Hamilton addressed pinniped predation in the Willamette in her letter, noting that the area below the falls is not unlike the fish death trap at Bonneville Dam on the Columbia.

“Unable to escape or go elsewhere, they are trapped like sitting ducks for the growing numbers of sea lions congregating below the falls in Oregon City. I fished in this area with my family for over 30 years and watched firsthand the arrival, then growth in numbers of marine mammals and the growing consumption of steelhead, salmon and sturgeon,” she wrote.

IN THIS SCREEN GRAB FROM A TWITTER VIDEO, REP. JAIME HERRERA BEUTLER SHOWS A HOUSE OF REPRESENTATIVES SUBCOMMITTEE PHOTOS OF SOME OF THE “OFFENDERS” PICKING OFF ESA-LISTED SALMON AND STEELHEAD AND OTHER COLUMBIA WATERSHED STOCKS. HERRERA BEUTLER INTRODUCED A BILL TO EXPAND MANAGEMENT OF CALIFORNIA SEA LIONS.  (TWITTER)

Hamilton says that they’re affecting the near-recovery of ESA-listed Willamette winter steelhead, and that a draft estimate of sea lion consumption rates on this season’s run is 25 percent, up from 2015 and 2016’s 15 percent.

“This 25 percent consumption rate is especially disturbing as the winter steelhead run has collapsed to one-tenth of the 10-year average, down to less than 1,000 fish,” she writes. “We fear the sea lions will consume this race of fish to extinction, much as they did to the steelhead in the mid 1990’s at Ballard Locks, near Seattle Washington, due to ineffective actions that occurred too late to prevent the catastrophe.”

Hamilton’s letter adds to testimony before the Water, Power and Ocean Subcommittee by Leland Bill, chairman of the Columbia River Inter-Tribe Fish Commission. He told members that “data shows a growing predation problem” but “that the current approach is not enough. I’m here to tell you that more needs to be done.”

In another letter of support, Coastal Conservation Association’s Oregon and Washington chapters called the situation “critical.”
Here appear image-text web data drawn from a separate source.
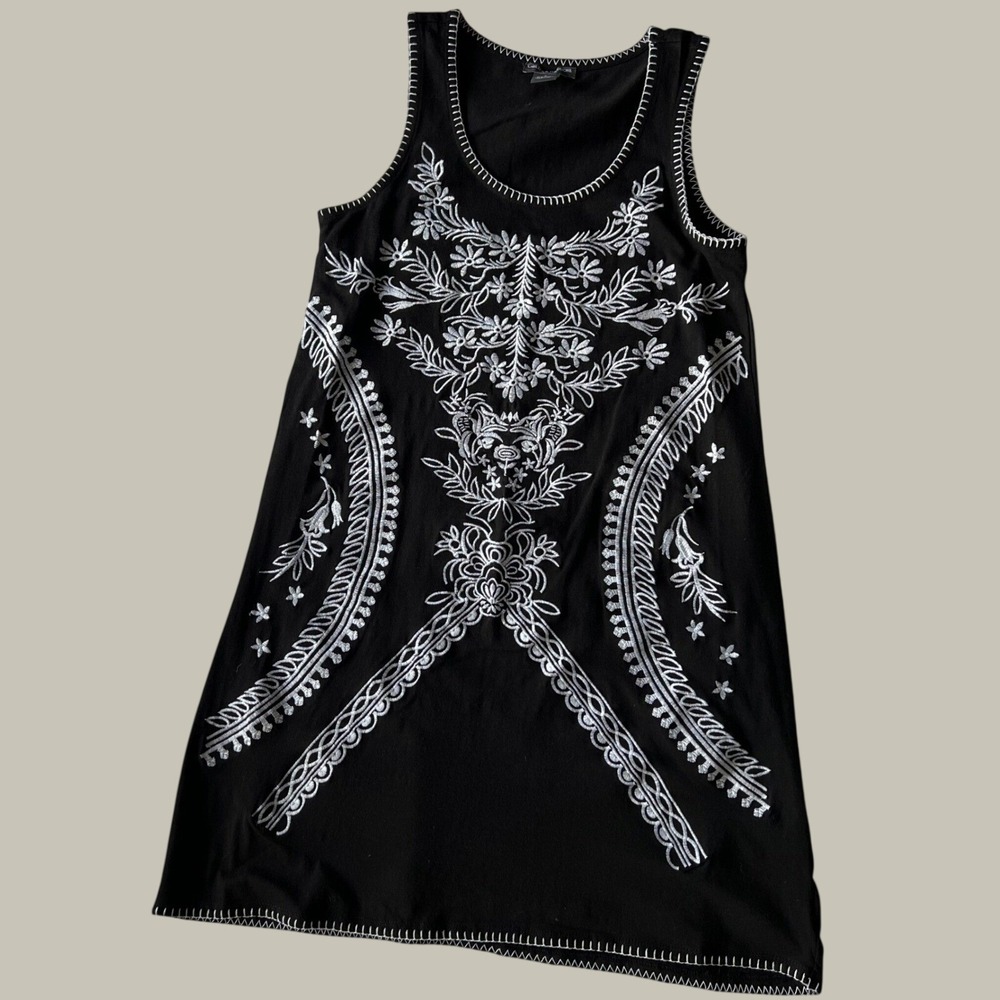 Chelsea Theodore Black Embroidered Cotton Blend Tank Dress Women's Size S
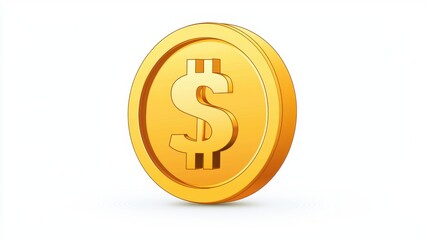 Obraz premium Realistic depiction of a shiny golden coin with a dollar symbol, isolated on a clean white background, representing wealth, investment, and financial success in modern economy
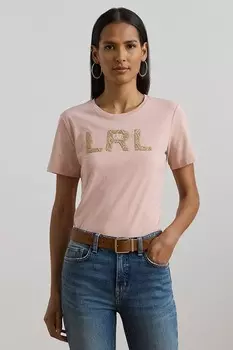 Хлопковая футболка Lauren Ralph Lauren, оранжевый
“We simply must act before it’s too late,” wrote Chris Cone and Nello Picinich, executive directors of the two chapters.

Added Hamilton:

“Northwest sportfishing for salmon and steelhead is more than an economic engine and a cultural birthright, it is a funding source for conservation. License fees, collected primarily through NSIA retailers, fund much of the conservation mission at the fish and wild life agencies. In addition, our industry pays a federal excise tax on manufactured goods that is returned to the states through the Sport Fish Restoration fund. Even for those who do not fish, salmon are an ever-present icon — seen on our license plates, on buildings and artwork everywhere. For the Native American Tribes in the Northwest, salmon are a sacred part of their culture.”

She said that while industries such as forestry, agriculture and power production are regulated to minimize fish impacts, “the consumption of salmon and steelhead by marine mammals grows, nearly unchecked, at an alarming rate.”